YOUR OBJECTIVE.
Only the lines below from the one that contains "Red Eléctrica calcula" through the one that contains "plot of chunk stc-forest" should appear in your answer, exact and without pictures.

DATA PROVIDED.

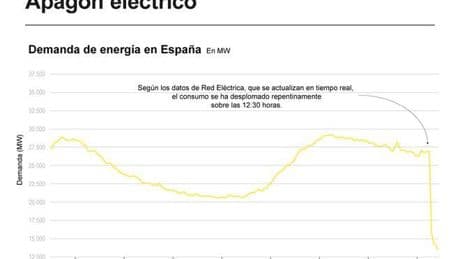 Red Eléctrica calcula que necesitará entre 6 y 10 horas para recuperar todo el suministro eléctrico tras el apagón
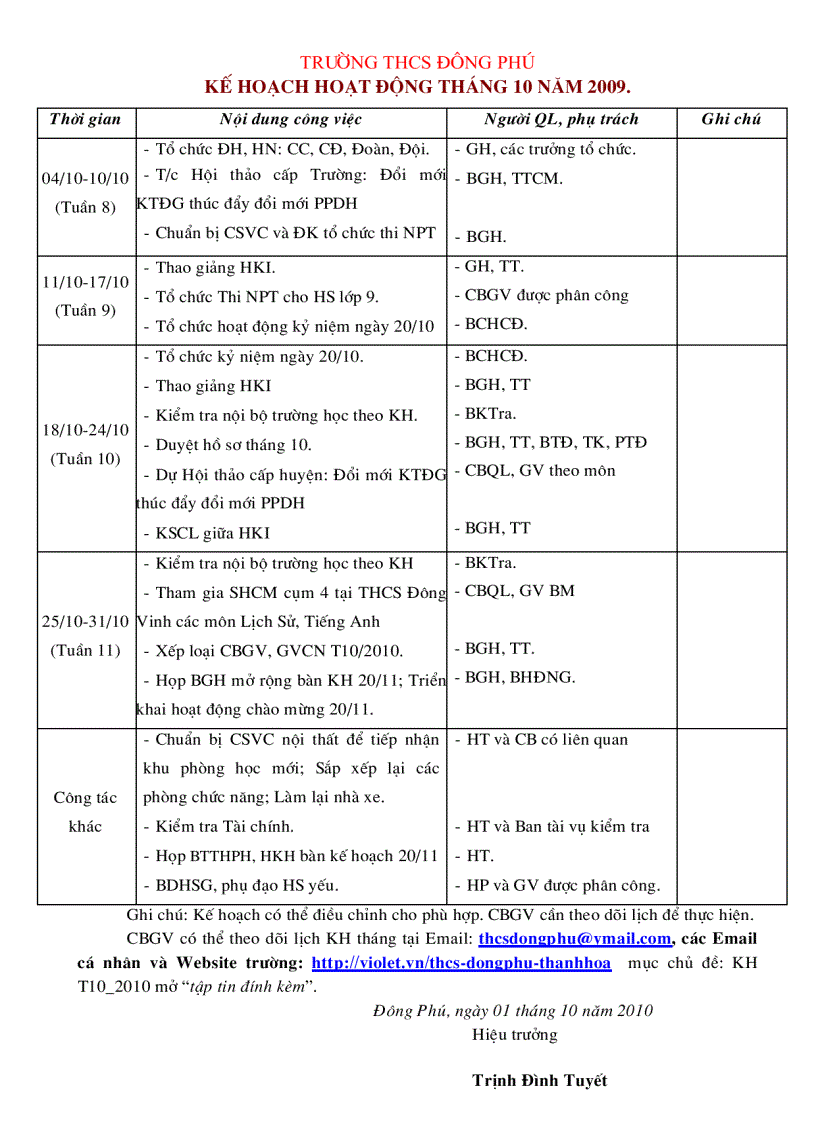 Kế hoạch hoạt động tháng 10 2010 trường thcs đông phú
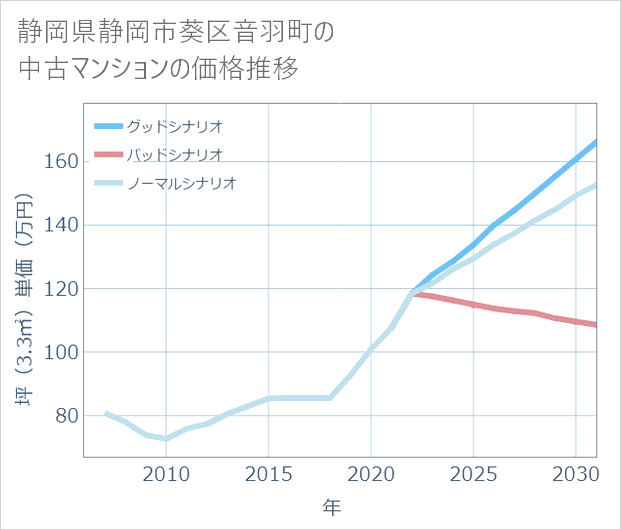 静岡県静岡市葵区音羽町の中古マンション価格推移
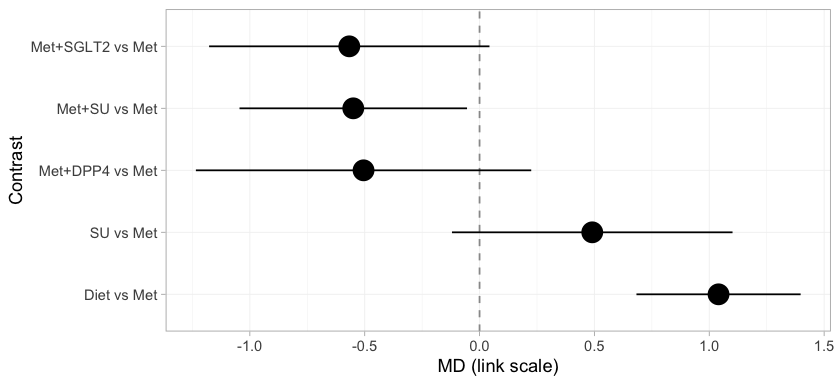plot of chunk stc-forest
* * *
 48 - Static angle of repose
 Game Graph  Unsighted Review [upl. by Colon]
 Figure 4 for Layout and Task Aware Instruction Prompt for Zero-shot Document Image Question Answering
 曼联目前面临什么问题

TASK OUTPUT.
 Red Eléctrica calcula que necesitará entre 6 y 10 horas para recuperar todo el suministro eléctrico tras el apagón
 Kế hoạch hoạt động tháng 10 2010 trường thcs đông phú
 静岡県静岡市葵区音羽町の中古マンション価格推移
plot of chunk stc-forest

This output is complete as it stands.